People usually notice the credit expense, but interest payments are one of those things that can be overlooked because they tend to become part of the financial landscape.
Have you recently totaled the outgoing interest expense you pay each month?
Interest and credit expense payments are a brake which slows your savings and investing rate.
There is no way to magically convert an interest payment expense into income. But, without increasing income, there are two ways that reducing and eliminating that ongoing additive debt will help improve your financial situation without increasing your income. In practical terms, that can be considered transitioning from debt payments into found money.
Everyone knows as you pay down debt, both the minimum payment and interest payments are reduced. If you pay too little, the interest payments add up, and you can owe increasingly more than when you started.
Some will pay the minimum. Some will pay as much as possible. Others will pay the same as they had been paying. Let's assume we can only pay what we've been paying because it's all we have available to pay towards this debt, and let's assume the amount is enough to lower the debt.
Keeping the numbers simple, let's assume the month 1 payment is $100, with $50 principal, $50 interest. Once that is paid, there is less principal outstanding. The minimum payment usually decreases.

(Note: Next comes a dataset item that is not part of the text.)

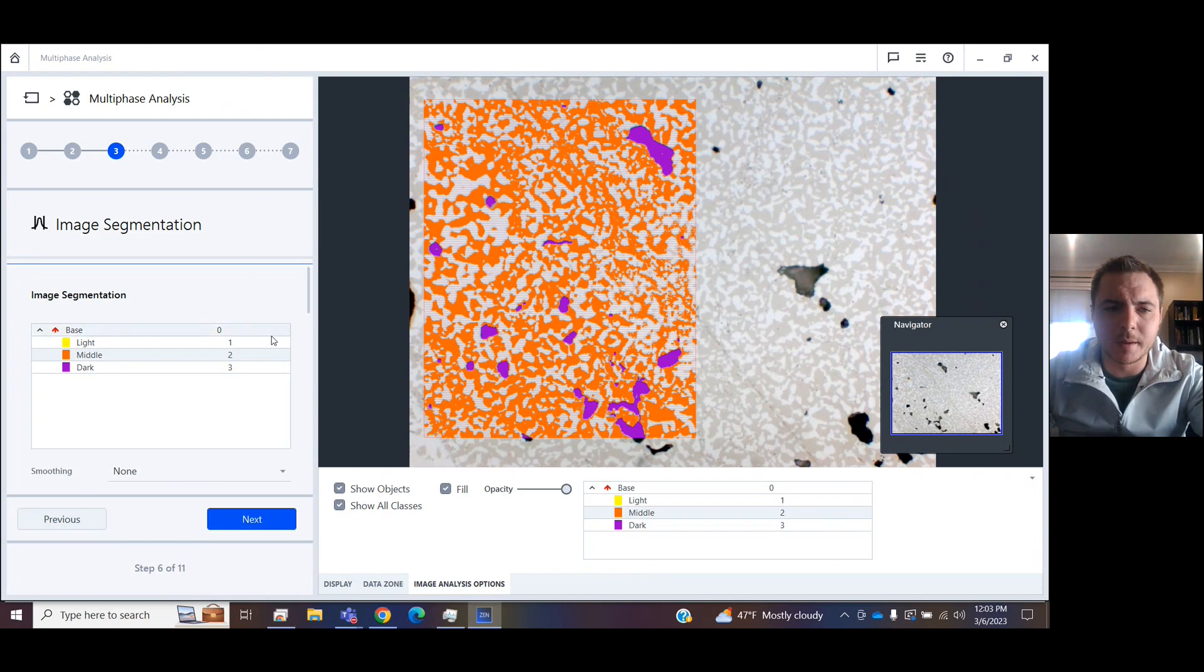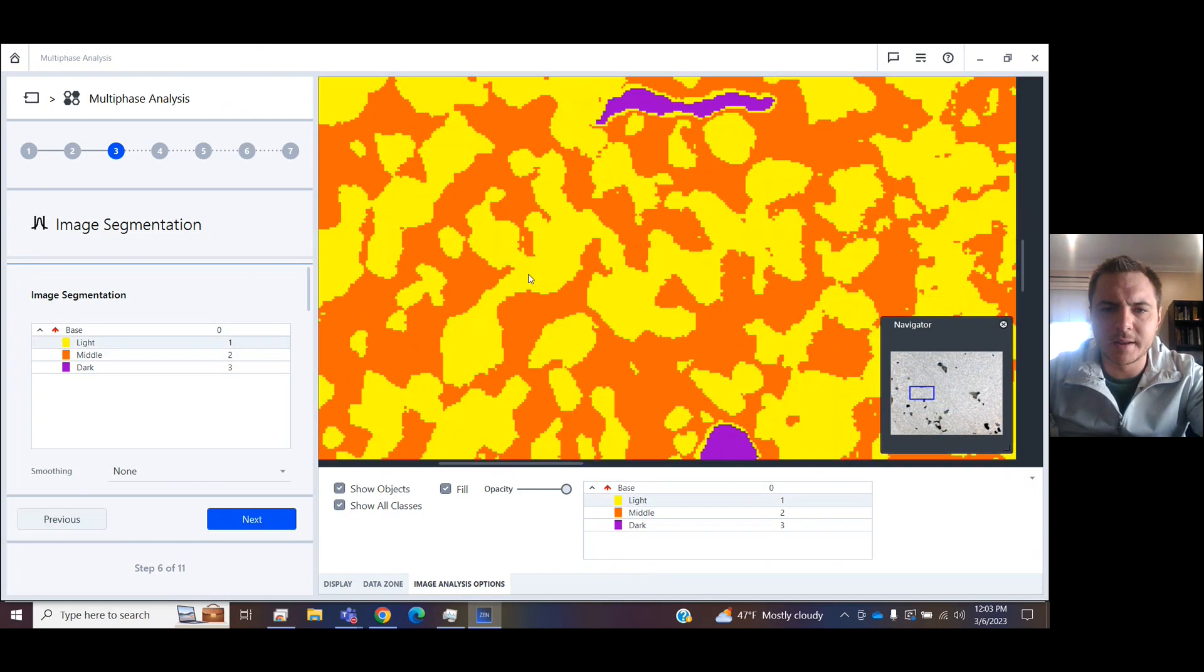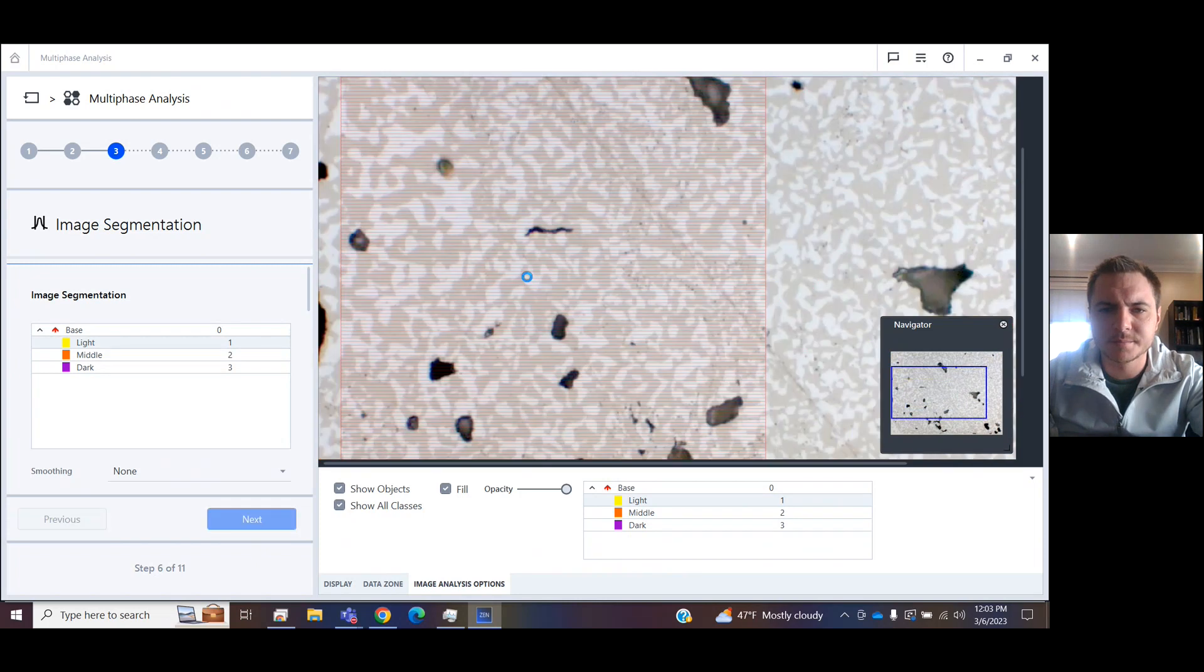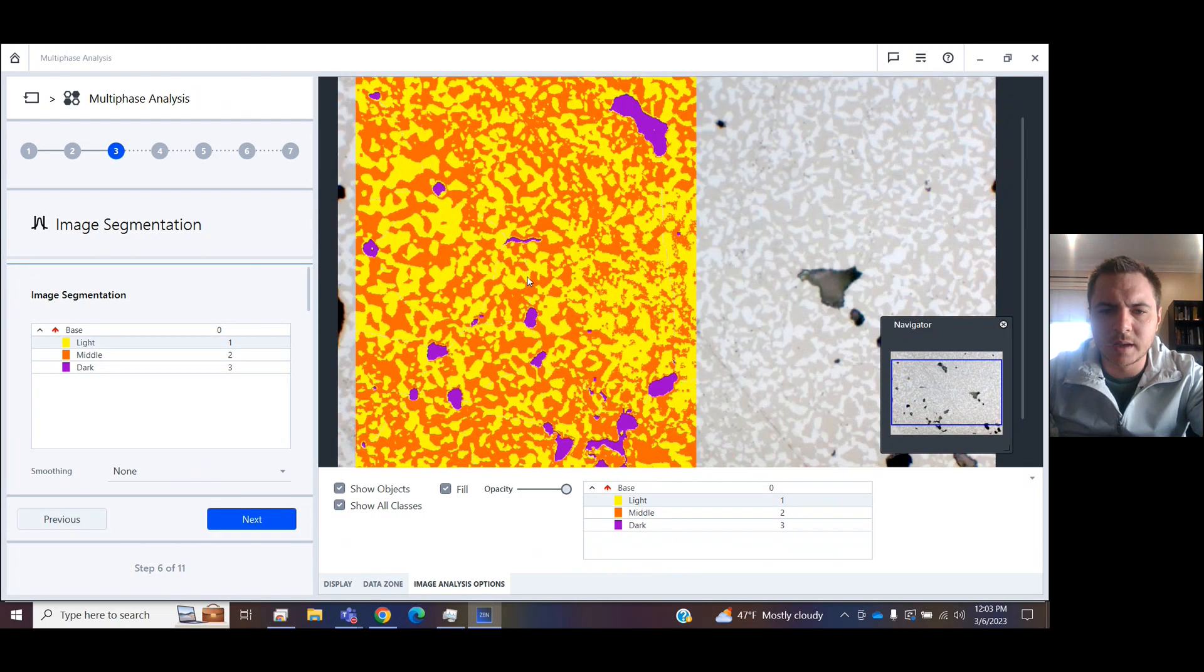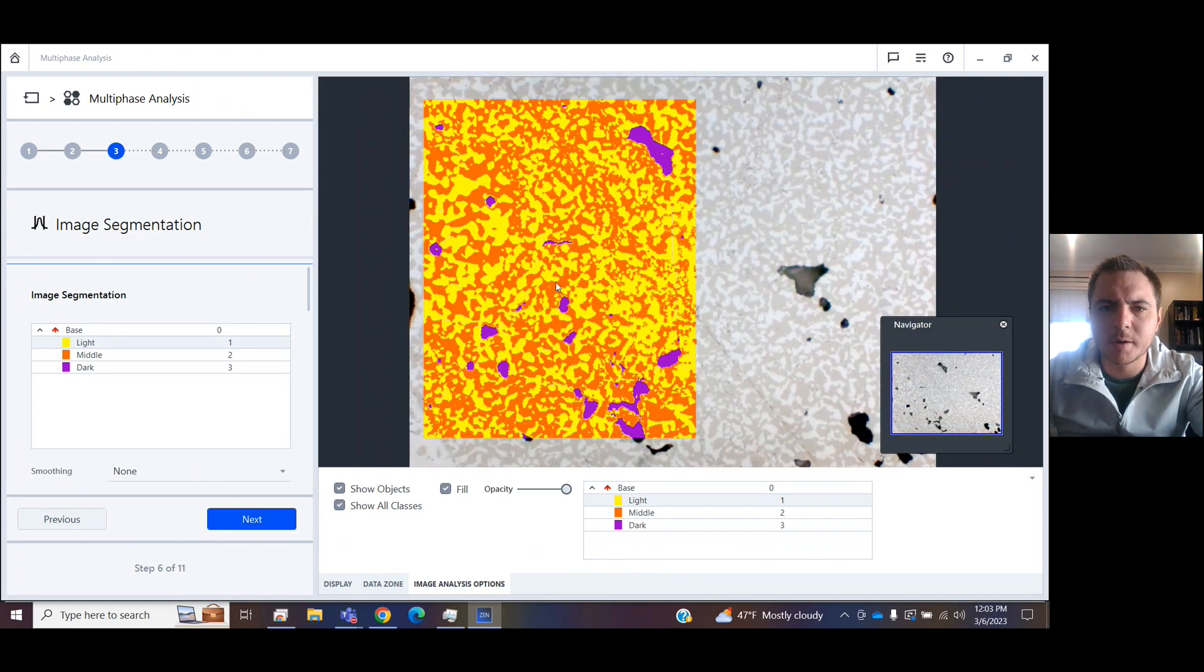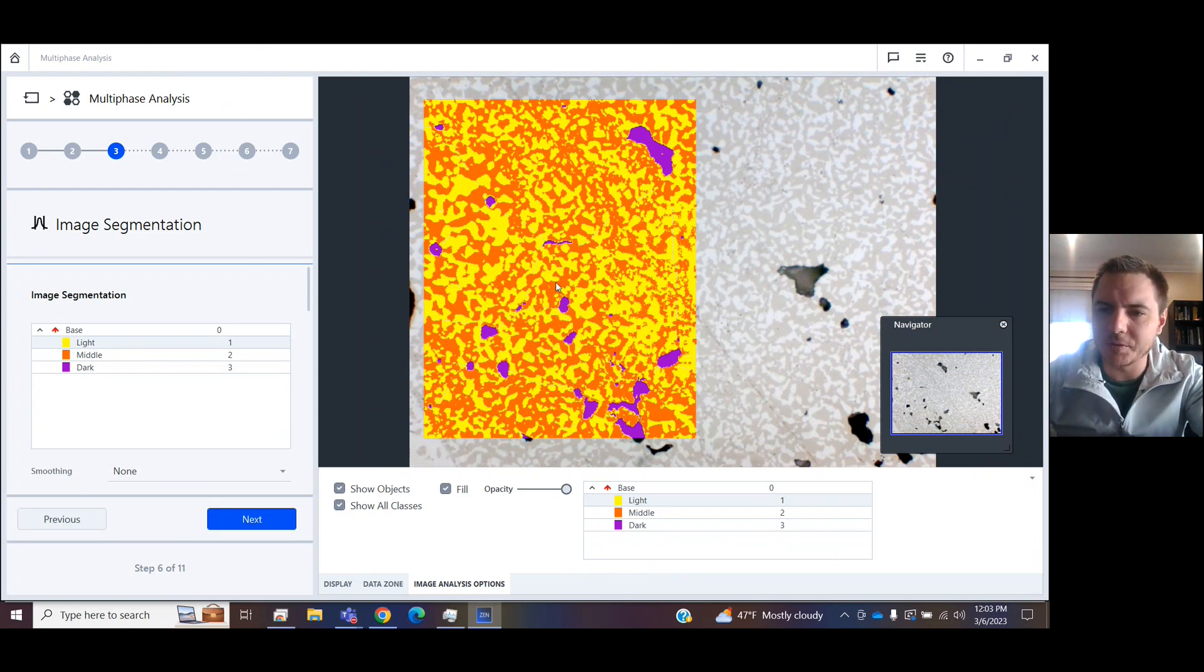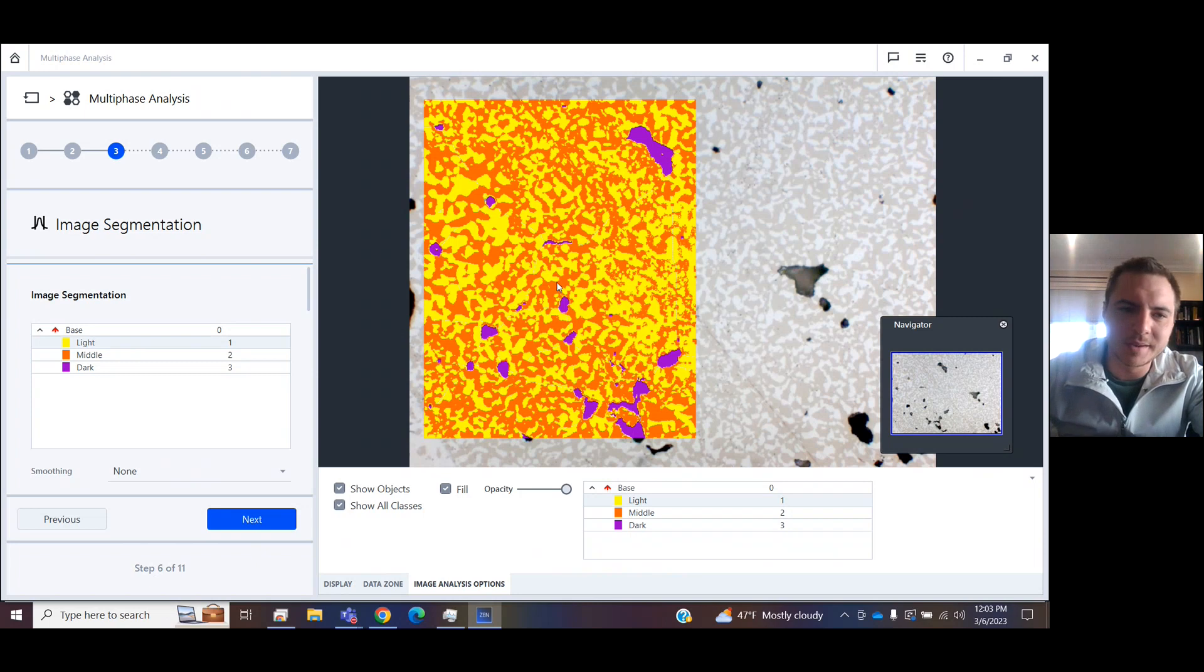Finally, I'm going to do this with the light class, zooming in and picking the background. Look at that. We've just got about everything selected between the light, middle, and dark classes on our multi-phase sample. This looks pretty good.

Let's assume the month 2 payment becomes $98, with $49 principal, $49 interest.
We're assuming you pay the same $100 as last month. By paying $100, then it's $49 interest and $51 principal, instead of $49 on the principal and $49 on the interest.
That $2 difference is not earth shattering but even though the principal amount was minimal, a mere $2, there is a second benefit. Since there is less principal outstanding, the interest will be lower for all future months.

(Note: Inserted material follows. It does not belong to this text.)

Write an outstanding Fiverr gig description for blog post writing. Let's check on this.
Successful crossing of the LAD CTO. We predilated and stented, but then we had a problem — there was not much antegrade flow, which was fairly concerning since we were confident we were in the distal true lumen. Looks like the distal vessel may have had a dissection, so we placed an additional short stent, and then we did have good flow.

So, in effect, you are gaining found money with each payment because your payments go farther. The same monthly payment pays off more and more principal with less and less interest. Best of all, for each payment the savings extend into the future. Your total cost is less. You will pay off the debt more quickly without increasing your income. That is found money number one.

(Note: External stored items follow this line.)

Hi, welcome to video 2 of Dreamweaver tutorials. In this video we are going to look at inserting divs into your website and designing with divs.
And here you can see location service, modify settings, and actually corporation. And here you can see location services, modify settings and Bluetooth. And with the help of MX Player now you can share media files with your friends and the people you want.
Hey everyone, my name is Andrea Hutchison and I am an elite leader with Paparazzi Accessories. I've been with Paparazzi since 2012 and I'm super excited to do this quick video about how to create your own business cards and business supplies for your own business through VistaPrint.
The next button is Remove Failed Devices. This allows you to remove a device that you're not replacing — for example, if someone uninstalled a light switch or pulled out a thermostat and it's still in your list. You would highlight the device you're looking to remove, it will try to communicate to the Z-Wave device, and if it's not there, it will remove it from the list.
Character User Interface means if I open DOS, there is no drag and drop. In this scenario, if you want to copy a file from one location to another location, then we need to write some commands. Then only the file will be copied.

The interest payments were extra payments that were going from you to the creditor. You borrowed the principal, and paid the interest. The extra interest payment dollars over and above the principal dollars you borrowed are now going to you. You could think of those interest payments as found money two.
I don't know if an accountant or CPA would deem this found money or not. Technically, it was your money all along. You paid one thing, now you transitioned payments from debt to savings. But, I'd argue that technicalities don't matter. The fact is you were paying the $100 to someone else. Part of that payment was interest to have use of the principal. Without increasing income, and without changing outgoing payments, it's your money now. In this example, that is saving the $100 that you were not able to save before. Or, perhaps the $100 is used to accelerate the payoff of another debt. No matter what it is called, that helps you.
Paying off interest bearing debt and transitioning from payments to pocketing the difference is one of many steps in getting to a better point in financial life. It all starts with understanding your fate is up to you.